[書き下し文]子、子貢に謂いて曰(のたま)わく、汝(なんじ)と回(かい)と孰(いず)れか愈(まさ)れる。対(こた)えて曰く、賜(し)は何を敢えて回を望まん。回は一を聞いて以て十を知る。賜は一を聞いて以て二を知るのみ。子曰く、如かざるなり。吾も汝とともに如かざるなり。

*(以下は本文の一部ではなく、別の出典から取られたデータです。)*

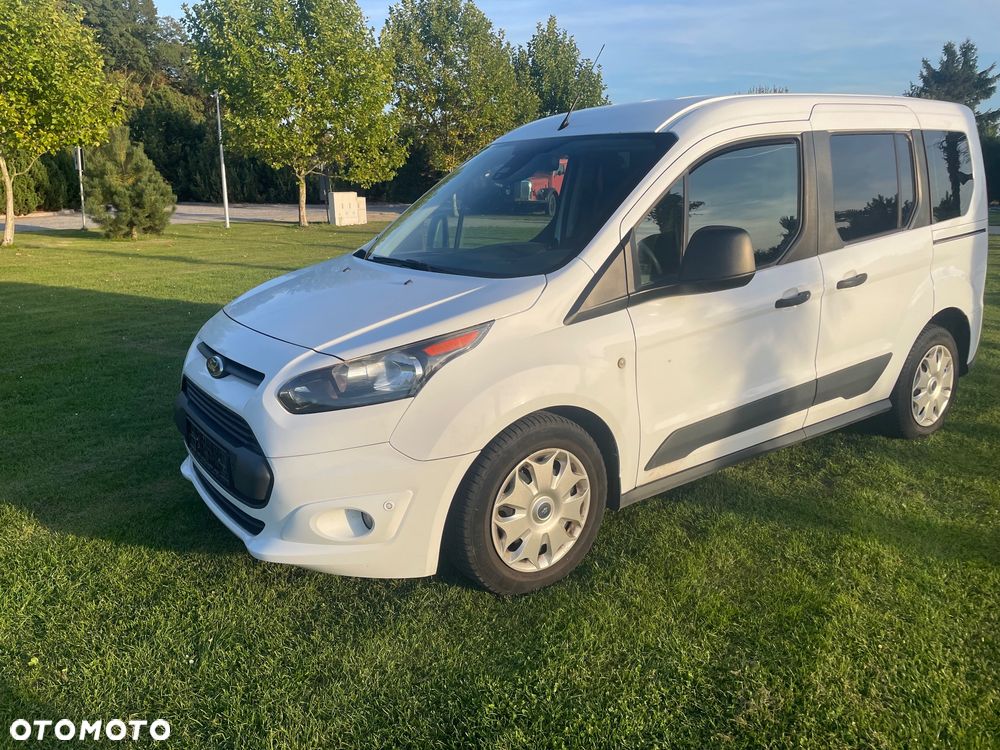Ford Tourneo Connect - 8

[口語訳]先生が子貢に向かって言われた。『お前と回とは、どちらが優れているか?』子貢はお答えして言った。『私ごときが、どうして回(顔淵)を望むことができましょう。顔淵は一を聞いて十を悟ります。私などは一を聞いてそれで二を知るだけです。』先生は言われた。『(お前は顔淵に)及ばない。私もお前と一緒で顔淵には及ばないよ。』
[解説]子貢(由)も顔淵(回)も孔子の誇る高弟で、世に知られた英才であったが、孔子に「お前と顔回とどちらが優れているだろうか?」と問われた子貢は謙譲の徳を発揮して「私などは、一を聞いて十を知る天才の顔回の足元にも及びません」と答えた。それを聞いた孔子は、子貢の謙虚な回答に満足して、「お前が顔回に及ばないように、私もあの優れた顔回には遠く及ばないのだよ」と謙虚に返したのである。